Therefore, the conditions required for cognition to arise, come about
through and for the I. The I sets itself the problems of
cognition. And it takes them from the element of thinking, in itself
absolutely clear and transparent. If we ask questions we cannot answer,
then the content of the question cannot be clear and distinct in all its
details. The world does not set us the questions; it is we ourselves who
set them.
I can imagine that it would be quite impossible for me to answer a question
which I happened to find written down somewhere, without knowing the sphere
from which the content of the question was taken.

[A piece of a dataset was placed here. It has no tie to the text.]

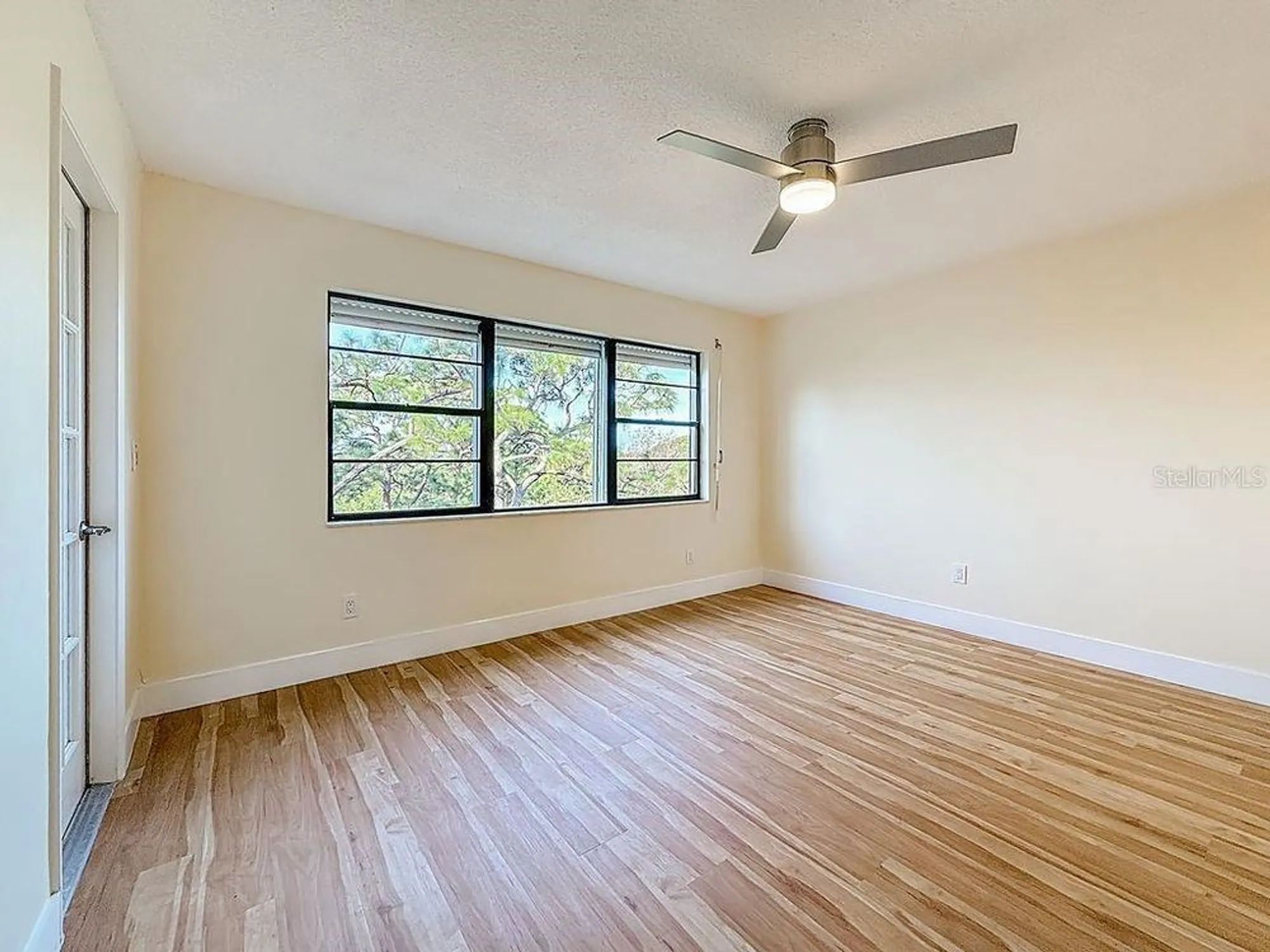 Property Slideshow image 16 of 50 | 8198 terrace garden dr n unit 407, St Petersburg, FL, 33709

In knowledge we are concerned with questions which arise for us through the
fact that a sphere of perceptions, conditioned by time, space, and our
subjective organization, is confronted by a sphere of concepts pointing to a
world which is a unity. My task is to reconcile these two spheres, well
known to me. One cannot speak here of a limit of knowledge. It may be that
at a particular moment, this or that remains unexplained because, through
our place in life, we are prevented from perceiving all that is involved.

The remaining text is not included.